Just took in my Routan for the 6k service and saw the following items listed on my paperwork...

CUST REQ RECALL 24V3

It is listed under a campaign heading... any idea what this might be?

Also I see a WIN Software update for the W-RVU-WIN module? Is this the radio?


----------



## 58kafer (Jun 27, 2007)

argion said:


> Just took in my Routan for the 6k service and saw the following items listed on my paperwork...
> 
> CUST REQ RECALL 24V3
> 
> ...


That is your key switch, Wireless Ignition Node


----------



## VWroutanvanman (Feb 12, 2011)

*WIN Module*

Did the dealer ask for your old keys (remotes)? If they did the WIN replacement, then the keys they gave you should be new ones. But apparently, your 2011 just had a software update done, not the replacement. There was a WIN module replacement campaign for the 2010s (number 28G1).


----------



## argion (Aug 8, 2002)

Same keys... just a software upgrade... so the Campaign ID 2V3 and the software update were one and the same? They were listed separately in the paperwork.


----------



## 58kafer (Jun 27, 2007)

VWroutanvanman said:


> Did the dealer ask for your old keys (remotes)? If they did the WIN replacement, then the keys they gave you should be new ones. But apparently, your 2011 just had a software update done, not the replacement.
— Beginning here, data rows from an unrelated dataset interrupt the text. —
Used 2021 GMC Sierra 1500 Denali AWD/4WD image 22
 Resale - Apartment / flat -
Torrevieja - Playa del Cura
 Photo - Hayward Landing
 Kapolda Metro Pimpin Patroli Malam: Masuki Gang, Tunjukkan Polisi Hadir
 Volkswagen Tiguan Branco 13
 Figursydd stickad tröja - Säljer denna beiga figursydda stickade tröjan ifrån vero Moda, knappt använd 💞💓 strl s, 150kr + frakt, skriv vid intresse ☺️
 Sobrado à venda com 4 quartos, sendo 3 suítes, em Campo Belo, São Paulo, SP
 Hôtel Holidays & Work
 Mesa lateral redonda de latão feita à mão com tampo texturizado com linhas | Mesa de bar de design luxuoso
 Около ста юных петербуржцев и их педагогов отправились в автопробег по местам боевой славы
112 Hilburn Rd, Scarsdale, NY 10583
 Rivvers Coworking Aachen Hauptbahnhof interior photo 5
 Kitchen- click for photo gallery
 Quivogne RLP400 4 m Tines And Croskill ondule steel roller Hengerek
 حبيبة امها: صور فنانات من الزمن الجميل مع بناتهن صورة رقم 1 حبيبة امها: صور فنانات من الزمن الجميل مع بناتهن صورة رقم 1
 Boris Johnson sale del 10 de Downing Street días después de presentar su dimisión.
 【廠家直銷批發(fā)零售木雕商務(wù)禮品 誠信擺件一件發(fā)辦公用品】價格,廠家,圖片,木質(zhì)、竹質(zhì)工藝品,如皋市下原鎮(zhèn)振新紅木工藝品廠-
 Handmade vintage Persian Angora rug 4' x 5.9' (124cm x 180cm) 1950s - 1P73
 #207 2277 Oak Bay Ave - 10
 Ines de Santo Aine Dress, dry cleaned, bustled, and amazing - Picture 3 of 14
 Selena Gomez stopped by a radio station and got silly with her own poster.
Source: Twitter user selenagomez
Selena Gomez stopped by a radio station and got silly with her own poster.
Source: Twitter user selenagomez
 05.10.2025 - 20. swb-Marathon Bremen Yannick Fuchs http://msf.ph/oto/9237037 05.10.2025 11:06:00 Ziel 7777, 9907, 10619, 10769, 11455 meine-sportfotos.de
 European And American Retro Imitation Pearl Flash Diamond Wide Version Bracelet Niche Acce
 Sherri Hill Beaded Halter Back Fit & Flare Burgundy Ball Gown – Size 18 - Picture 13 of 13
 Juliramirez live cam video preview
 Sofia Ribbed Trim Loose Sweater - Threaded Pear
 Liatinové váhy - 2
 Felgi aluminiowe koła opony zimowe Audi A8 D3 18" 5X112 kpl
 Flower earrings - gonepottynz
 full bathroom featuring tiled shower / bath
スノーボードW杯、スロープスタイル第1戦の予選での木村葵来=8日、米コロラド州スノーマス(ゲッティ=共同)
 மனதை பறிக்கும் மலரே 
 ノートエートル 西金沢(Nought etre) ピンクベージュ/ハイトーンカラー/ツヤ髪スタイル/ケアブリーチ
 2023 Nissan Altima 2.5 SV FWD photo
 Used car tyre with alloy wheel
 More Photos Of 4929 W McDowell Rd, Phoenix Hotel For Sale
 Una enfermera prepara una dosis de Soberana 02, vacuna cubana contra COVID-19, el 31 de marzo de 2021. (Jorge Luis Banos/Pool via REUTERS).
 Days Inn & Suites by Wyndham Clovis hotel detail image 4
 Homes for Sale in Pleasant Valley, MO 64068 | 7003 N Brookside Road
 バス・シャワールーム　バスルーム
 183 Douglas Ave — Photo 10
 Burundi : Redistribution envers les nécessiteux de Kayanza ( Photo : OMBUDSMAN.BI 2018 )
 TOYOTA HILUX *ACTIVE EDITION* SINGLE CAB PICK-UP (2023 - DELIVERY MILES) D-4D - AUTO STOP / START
There was a WIN module replacement campaign for the 2010s (number 28G1).


VWRVM,

Did you get a completely brand new switch and keys? Reason I ask is Chrysler and Dodge owners are getting a Bull**** clip installed that make the key harder to insert and turn. I was curious what VW was doing. Out 2010 already was built after and had the new style WIN already. Let me know what you got, sounds like the whole deal keys and all.


----------



## taxman100 (Apr 30, 2011)

I just dropped my Routan off for the 8,000 mile service (yes, the dealers are confused over service mileage - the 09 and 10 are every 6,000 miles, and the 11 & 12's are every 8,000 miles), and I saw both of the recalls outstanding.

Both are minor for 2011 - one is a software update for the PCM that eliminates some false check engine codes. The other is some sort of software update for the ignition module. 

Neither involves new keys, etc. to my knowledge.


----------